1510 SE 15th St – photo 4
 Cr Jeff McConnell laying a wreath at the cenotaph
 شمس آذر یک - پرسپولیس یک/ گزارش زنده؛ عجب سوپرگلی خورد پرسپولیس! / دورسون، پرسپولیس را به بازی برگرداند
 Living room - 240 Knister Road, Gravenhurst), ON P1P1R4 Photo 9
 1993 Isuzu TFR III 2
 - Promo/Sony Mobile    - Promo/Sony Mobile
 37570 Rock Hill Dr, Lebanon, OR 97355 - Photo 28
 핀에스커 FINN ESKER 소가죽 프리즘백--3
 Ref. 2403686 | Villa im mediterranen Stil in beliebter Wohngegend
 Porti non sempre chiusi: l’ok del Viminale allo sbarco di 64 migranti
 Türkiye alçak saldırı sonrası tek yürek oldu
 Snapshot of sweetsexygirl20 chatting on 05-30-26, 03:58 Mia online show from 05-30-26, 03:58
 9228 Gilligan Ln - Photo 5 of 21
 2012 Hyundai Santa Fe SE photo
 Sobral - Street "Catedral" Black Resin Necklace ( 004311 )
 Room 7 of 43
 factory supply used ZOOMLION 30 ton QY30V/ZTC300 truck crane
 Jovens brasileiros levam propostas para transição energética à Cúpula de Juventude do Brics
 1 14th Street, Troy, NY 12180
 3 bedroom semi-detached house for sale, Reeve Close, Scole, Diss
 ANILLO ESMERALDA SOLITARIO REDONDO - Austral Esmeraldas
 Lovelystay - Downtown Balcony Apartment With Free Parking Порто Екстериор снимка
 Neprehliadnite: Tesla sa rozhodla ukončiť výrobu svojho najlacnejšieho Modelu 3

───

_Activity_. Each line in the listing above from the one containing "Ref. 2403686 |" through the one containing "1 14th Street, Troy, NY 12180" should be repeated exactly, and no other line.

_Worked solution_.
 Ref. 2403686 | Villa im mediterranen Stil in beliebter Wohngegend
 Porti non sempre chiusi: l’ok del Viminale allo sbarco di 64 migranti
 Türkiye alçak saldırı sonrası tek yürek oldu
 Snapshot of sweetsexygirl20 chatting on 05-30-26, 03:58 Mia online show from 05-30-26, 03:58
 9228 Gilligan Ln - Photo 5 of 21
 2012 Hyundai Santa Fe SE photo
 Sobral - Street "Catedral" Black Resin Necklace ( 004311 )
 Room 7 of 43
 factory supply used ZOOMLION 30 ton QY30V/ZTC300 truck crane
 Jovens brasileiros levam propostas para transição energética à Cúpula de Juventude do Brics
 1 14th Street, Troy, NY 12180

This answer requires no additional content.